Qu’est-ce qui a donc changé en plus de 2000 ans ?

En quoi le Royaume de Dieu s’est-il approché ?

Eh bien, à l’encontre de tous les scepticismes et de toutes les incrédulités, nous l’annonçons haut et fort : depuis la venue de Jésus-Christ parmi nous, malgré les apparences, tout a changé ou plus exactement, pour reprendre une formule heureuse, l’Humanité tout entière est entrée dans le « déjà là » et le « pas encore » du Royaume de Dieu.

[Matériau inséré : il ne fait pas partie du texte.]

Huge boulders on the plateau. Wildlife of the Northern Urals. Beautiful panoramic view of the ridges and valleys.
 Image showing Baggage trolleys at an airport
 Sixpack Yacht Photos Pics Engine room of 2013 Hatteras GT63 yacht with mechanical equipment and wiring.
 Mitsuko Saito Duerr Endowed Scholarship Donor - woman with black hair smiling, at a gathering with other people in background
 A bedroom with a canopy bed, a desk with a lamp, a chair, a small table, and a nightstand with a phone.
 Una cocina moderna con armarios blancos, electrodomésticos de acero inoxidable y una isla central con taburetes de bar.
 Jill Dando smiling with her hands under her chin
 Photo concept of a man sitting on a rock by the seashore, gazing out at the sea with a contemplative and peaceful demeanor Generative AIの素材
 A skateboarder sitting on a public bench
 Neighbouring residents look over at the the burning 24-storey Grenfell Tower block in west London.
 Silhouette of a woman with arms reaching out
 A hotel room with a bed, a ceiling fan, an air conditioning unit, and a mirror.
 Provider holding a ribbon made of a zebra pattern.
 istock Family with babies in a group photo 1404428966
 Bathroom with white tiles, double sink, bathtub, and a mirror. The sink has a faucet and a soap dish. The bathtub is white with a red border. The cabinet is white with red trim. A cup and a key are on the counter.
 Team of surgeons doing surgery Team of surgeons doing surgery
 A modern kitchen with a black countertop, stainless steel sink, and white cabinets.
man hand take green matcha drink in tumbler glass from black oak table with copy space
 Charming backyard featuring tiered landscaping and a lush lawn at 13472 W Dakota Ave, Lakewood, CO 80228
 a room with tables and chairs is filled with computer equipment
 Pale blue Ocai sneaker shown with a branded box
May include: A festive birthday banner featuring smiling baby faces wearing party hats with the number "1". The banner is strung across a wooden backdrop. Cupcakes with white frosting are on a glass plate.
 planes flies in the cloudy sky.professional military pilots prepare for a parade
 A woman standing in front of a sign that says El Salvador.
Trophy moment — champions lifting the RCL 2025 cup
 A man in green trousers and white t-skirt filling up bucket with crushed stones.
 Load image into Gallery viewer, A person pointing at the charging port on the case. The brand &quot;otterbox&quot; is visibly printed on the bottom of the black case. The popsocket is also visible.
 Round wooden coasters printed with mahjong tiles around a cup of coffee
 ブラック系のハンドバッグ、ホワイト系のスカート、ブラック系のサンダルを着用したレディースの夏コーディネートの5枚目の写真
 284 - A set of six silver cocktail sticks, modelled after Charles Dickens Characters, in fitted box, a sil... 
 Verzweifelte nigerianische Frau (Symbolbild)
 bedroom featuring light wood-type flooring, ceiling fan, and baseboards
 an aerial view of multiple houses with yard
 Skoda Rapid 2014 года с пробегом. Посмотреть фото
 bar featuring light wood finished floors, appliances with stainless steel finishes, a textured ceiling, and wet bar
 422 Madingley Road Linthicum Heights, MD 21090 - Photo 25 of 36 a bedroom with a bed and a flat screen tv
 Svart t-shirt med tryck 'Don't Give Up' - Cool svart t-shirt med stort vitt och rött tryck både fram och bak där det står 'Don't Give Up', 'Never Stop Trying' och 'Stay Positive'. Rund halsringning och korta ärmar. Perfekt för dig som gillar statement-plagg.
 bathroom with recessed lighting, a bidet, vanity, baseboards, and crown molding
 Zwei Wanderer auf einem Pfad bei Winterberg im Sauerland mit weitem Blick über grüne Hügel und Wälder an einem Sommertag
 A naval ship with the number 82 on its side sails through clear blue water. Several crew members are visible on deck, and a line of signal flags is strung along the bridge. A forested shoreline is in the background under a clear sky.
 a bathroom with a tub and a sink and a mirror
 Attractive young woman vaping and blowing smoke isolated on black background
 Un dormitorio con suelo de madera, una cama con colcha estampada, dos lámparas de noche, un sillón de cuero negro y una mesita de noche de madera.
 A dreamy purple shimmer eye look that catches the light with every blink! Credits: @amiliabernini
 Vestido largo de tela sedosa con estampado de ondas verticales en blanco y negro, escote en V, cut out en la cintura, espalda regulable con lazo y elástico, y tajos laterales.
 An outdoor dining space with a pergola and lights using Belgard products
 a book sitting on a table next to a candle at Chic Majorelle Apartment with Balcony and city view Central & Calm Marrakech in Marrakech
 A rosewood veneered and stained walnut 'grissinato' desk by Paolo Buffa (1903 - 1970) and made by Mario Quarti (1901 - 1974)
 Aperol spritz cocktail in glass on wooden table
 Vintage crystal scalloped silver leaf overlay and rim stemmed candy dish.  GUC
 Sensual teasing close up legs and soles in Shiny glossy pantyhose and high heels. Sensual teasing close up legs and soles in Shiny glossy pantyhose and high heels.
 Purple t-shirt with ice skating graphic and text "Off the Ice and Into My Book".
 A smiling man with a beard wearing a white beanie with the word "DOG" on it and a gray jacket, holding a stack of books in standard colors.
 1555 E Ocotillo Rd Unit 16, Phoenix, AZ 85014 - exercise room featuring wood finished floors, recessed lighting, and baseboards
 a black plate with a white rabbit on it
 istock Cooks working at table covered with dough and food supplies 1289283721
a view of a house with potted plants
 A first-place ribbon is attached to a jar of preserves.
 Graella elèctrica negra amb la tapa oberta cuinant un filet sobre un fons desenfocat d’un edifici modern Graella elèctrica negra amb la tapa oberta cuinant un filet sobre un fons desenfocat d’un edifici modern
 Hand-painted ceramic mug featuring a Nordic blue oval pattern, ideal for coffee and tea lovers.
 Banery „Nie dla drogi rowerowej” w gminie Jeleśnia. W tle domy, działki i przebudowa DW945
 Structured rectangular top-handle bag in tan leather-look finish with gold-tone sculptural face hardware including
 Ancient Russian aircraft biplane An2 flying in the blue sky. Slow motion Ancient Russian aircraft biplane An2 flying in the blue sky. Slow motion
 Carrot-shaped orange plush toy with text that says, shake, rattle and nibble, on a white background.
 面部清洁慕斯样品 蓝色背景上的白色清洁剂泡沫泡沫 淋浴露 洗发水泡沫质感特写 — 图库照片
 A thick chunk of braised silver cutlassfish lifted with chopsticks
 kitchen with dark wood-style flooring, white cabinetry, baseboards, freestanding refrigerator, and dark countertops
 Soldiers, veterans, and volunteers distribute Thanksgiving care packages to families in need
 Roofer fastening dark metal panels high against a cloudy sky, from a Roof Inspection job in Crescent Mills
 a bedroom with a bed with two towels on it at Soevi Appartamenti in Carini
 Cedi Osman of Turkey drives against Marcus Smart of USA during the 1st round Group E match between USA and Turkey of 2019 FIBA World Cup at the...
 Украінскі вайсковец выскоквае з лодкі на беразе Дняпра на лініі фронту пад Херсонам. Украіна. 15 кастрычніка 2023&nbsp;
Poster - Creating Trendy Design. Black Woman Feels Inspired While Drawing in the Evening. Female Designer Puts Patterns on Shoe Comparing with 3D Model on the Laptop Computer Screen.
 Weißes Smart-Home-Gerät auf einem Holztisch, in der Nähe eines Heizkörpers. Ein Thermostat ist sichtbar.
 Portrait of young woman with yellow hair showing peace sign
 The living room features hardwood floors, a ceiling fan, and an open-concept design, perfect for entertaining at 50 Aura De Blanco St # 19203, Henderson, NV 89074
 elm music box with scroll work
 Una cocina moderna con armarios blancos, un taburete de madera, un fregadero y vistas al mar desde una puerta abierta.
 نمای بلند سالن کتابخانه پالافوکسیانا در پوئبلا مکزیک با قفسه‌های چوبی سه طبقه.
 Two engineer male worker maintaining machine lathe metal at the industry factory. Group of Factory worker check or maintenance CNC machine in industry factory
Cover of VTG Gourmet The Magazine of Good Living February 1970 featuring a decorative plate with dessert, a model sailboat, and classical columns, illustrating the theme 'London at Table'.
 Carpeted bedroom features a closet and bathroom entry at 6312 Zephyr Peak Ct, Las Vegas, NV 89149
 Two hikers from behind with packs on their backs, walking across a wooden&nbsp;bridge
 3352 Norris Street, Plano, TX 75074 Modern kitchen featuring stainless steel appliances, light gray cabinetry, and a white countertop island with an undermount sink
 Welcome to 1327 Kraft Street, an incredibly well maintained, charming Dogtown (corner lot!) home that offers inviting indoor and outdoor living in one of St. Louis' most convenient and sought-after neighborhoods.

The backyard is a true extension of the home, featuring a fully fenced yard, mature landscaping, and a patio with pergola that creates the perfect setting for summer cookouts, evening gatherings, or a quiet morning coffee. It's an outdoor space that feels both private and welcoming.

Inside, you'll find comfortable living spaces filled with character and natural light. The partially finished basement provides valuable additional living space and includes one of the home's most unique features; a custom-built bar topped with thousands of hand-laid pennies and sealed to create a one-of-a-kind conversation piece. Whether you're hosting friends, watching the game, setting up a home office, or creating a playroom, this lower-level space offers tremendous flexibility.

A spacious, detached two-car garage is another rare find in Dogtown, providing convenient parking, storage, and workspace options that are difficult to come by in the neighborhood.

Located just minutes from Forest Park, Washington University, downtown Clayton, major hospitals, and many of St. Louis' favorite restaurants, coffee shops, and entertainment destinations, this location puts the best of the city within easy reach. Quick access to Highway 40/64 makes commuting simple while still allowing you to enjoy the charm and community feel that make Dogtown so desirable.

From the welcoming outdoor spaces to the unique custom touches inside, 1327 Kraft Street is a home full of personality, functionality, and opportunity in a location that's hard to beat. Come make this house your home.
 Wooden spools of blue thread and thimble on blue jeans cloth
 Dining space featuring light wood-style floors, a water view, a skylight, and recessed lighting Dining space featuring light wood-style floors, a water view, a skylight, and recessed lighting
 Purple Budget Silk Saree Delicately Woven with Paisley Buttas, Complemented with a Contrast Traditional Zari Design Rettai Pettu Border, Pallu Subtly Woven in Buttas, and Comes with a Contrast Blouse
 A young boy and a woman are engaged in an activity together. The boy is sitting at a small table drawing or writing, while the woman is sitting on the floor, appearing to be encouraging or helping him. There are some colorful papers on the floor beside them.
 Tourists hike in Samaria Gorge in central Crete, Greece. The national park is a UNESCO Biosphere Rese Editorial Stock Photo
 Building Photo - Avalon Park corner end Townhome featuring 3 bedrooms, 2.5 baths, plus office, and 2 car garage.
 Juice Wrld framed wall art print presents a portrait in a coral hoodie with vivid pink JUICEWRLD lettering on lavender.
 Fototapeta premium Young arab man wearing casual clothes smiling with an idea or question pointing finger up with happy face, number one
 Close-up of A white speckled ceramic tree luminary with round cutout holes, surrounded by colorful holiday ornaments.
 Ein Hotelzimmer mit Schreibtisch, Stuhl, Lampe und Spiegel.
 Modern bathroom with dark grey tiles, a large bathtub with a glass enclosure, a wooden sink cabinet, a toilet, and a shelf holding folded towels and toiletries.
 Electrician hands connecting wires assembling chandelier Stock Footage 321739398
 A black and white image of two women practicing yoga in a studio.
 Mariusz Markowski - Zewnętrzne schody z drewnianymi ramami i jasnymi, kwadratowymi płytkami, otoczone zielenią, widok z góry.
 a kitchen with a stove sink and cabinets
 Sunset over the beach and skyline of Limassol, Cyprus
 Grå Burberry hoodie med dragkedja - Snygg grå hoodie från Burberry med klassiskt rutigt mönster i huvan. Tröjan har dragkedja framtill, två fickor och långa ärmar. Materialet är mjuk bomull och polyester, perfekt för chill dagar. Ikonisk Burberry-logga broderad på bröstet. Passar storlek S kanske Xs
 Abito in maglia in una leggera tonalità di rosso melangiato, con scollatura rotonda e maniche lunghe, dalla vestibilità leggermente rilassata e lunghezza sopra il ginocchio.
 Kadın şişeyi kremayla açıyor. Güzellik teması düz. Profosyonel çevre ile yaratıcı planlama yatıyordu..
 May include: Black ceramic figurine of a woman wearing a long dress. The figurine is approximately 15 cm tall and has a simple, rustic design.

« Déjà là » sont présents les germes du royaume, avec ces millions d’hommes et de femmes de bonne volonté, avec ces bienfaiteurs célèbres de l’Humanité, ces hommes et ces femmes de foi, ces philosophes, ces écrivains, ces scientifiques, ces savants, ces artistes. Mais aussi avec tous ces inconnus qui savent très simplement donner un peu d’amour autour d’eux, à ceux qu’ils aiment, comme à ceux qu’ils aiment moins, voire à ceux qu’ils n’aiment pas.

 « Pas encore », lorsqu’on observe avec lucidité l’état d’une société qui n’est ni juste, ni fraternelle, à l’image d’ailleurs de l’histoire des églises chrétiennes qui, au lieu d’être le reflet fidèle du message d’amour et de paix que Jésus a prêché inlassablement jusque sur la croix, a été pendant trop de siècles éclairée par la lueur des bûchers, et éclaboussée par le sang des persécutions.

Quoiqu’il en soit, ces trois dernières décennies ont vu s’écrouler la plupart des dictatures, notamment en Amérique du sud et en Europe de l’Est et en partie en Afrique et reculer les guerres malgré les apparences, les froides statistiques le démontrent.

Ainsi, toutes les valeurs qualifiées trop souvent péjorativement de judéo-chrétiennes ont fait malgré tout petit à petit leur chemin, jusqu’à devenir sur le plan international la référence, au moins théorique, pour la quasi-totalité des États.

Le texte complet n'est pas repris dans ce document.